-------- DATASET EXTRACT --------
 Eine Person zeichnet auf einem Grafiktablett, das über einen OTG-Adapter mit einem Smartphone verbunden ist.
--------
-------- DATASET EXTRACT --------
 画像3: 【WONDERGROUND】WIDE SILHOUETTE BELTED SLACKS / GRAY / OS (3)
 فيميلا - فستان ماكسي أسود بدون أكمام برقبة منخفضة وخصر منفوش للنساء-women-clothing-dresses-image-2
--------
Print again the lines of the entries above that fall between the line holding "画像3: 【WONDERGROUND】WIDE SILHOUETTE" and the line holding "فيميلا - فستان", inclusive, exactly as they stand.

 画像3: 【WONDERGROUND】WIDE SILHOUETTE BELTED SLACKS / GRAY / OS (3)
 فيميلا - فستان ماكسي أسود بدون أكمام برقبة منخفضة وخصر منفوش للنساء-women-clothing-dresses-image-2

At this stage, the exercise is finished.